In dit kader verwijst de rechtbank voorts naar de LISV-mededeling van 14 april 2000 (M00.040). Weliswaar is daarin een nieuwe uitvoeringspraktijk aangekondigd waarin verzoeken om vergoeding van kosten die zijn gemaakt in de bezwaarfase zullen worden beoordeeld aan de hand van de criteria die de Hoge Raad heeft vastgesteld, doch uitdrukkelijk is daarbij bepaald dat voor bij de bestuursrechter aanhangig zijnde procedures het gestelde in de mededeling M99.018 wordt gehandhaafd, te weten toetsing aan de hand van het “tegen beter weten in”-criterium. De rechtbank ziet, gelet op de jurisprudentie van de Centrale Raad van Beroep en mede in aanmerking nemend het wetsvoorstel dat voorziet in een wijziging van de Awb en waarin in grote lijnen zal worden aangesloten bij het “tegen beter weten in”-criterium, geen ruimte voor een ander oordeel.
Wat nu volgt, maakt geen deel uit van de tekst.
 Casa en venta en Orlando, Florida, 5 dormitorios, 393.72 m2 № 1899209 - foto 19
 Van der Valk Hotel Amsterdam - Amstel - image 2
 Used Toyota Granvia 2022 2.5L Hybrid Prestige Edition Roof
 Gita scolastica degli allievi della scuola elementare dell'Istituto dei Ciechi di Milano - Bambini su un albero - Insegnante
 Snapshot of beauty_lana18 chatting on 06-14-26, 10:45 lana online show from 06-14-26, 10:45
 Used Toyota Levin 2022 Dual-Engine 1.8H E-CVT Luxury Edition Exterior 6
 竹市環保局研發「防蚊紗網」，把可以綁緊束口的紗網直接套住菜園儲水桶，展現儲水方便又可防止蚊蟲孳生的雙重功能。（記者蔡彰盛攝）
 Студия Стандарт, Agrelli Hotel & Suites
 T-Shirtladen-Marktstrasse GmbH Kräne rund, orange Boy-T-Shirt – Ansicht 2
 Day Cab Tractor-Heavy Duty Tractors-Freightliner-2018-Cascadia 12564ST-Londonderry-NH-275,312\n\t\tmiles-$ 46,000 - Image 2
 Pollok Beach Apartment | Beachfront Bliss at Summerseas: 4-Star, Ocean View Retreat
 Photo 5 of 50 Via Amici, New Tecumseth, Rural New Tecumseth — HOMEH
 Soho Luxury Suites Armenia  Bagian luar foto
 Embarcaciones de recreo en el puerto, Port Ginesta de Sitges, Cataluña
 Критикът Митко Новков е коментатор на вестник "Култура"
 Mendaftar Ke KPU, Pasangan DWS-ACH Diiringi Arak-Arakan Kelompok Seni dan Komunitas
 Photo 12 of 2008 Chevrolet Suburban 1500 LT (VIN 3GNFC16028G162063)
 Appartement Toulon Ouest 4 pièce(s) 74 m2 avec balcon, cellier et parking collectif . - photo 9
Uit het voorgaande volgt dat het beroep ongegrond dient te worden verklaard.
3. Beslissing:
De rechtbank:
Verklaart het beroep ongegrond.
Deze uitspraak is gedaan en uitgesproken in het openbaar door mr. Cooijmans, in tegenwoordigheid van mr. Sondeijker-Schampers als griffier, op 11 september 2000
Tegen deze uitspraak kunnen partijen, alsmede iedere andere belanghebbende, hoger beroep instellen bij de Centrale Raad van Beroep, Postbus 16002, 3500 DA Utrecht. De termijn voor het indienen van een beroepschrift bedraagt zes weken en vangt aan op de dag na de datum van verzending van het afschrift van deze uitspraak.